DATABERG
Kafka Streams: explained
What is Kafka?
Apache Kafka is a horizontally scalable, robust open-source messaging platform that has made great headways to the data processing community in the last couple of years.
Kafka relies on a producer-consumer model, where you can use the APIs to connect to the underlying messages in the Topics (the Kafka category identifiers), both for reading and writing. But this basic functionality still lets a lot of work to the programmer to take care of, as it is a relatively low-level interface to the Kafka platform:you soon notice that you are repeating similarly structured supporting code from one application to another.
This observation of “excess fat” leads to a desire to increase the abstraction level of your processing applications that rely on Kafka, and luckily, there is help to be found:
Introduced in 2016, and fully mature since june 2017, the Kafka Streams client library is a game changer in the world of data. It allows the processing of data inside Kafka to happen as part of a standard Java or Scala application, with no need to create a separate cluster for processing.
Benefits of Kafka Streams
Kafka Streams is elastic, highly scalable and fault-tolerant, offering a processing latency that is on a millisecond level. it works exactly in the same manner whether it runs in a container, VM , cloud, or on premises. All three platforms (Linux, Mac, Windows) are supported.

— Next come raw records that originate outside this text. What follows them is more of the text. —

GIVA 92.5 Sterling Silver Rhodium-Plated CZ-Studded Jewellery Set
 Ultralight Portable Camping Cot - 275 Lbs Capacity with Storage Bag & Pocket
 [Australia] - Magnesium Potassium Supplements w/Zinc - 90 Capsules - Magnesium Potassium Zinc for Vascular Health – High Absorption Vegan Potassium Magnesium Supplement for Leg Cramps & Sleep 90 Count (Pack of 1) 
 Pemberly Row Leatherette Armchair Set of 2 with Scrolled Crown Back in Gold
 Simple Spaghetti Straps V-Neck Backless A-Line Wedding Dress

And as a technology breakthrough in the computing world, Kafka is also known as the first streams processing library in the world that provides “exactly once” capability. This means the ability to execute a read-process-write cycle exactly one time, neither missing any input messages, nor producing duplicate output messages.
Kafka Streams is also a non-batch (non-buffering) system, meaning that it processes its streams one record at a time, yet it supports stateless, stateful or windowed operations on data.
The stream processing code inside the Kafka Streams becomes part of your application, and takes care of all interactions with a Kafka cluster. Hence the stream processing does not execute on Kafka brokers. From your point of view, Kafka Streams is just another JAR that you are adding to your application, and your application platform directly defines the available processing power.
You can see Kafka as the system for organized management of your data streams, and Kafka Streams as the means to do computational transformations on the data, relieving you from the worries of the internal interactions with the Kafka cluster. This simplification of Kafka interactions allows you to adapt Kafka to a wide variety of use cases, especially extending its use to the low end of the spectrum.
Datumize and Kafka
Datumize has recently extended their Datumize Data Aggregator (DDA) application to run on Kafka Streams, often used in combination with the Datumize Data Collector (DDC) as the capture-compute node on the edge. This combination allows a lightweight setup for real-time data acquisition and processing, offering a flexible platform that can do considerable pre-processing and enhancing of real-time data sources prior to their ingestion to back-end systems and data lakes.
With the combined power of DDC and DDA, you can extract just the direct or derived data you need, reducing the amount of volume entering your back end systems, and thus reducing the cost and bandwidth requirements.
And if your needs change, the configuration for data acquisition and processing for DDC and DDA can be easily changed via the graphical user interface of Datumize Zentral.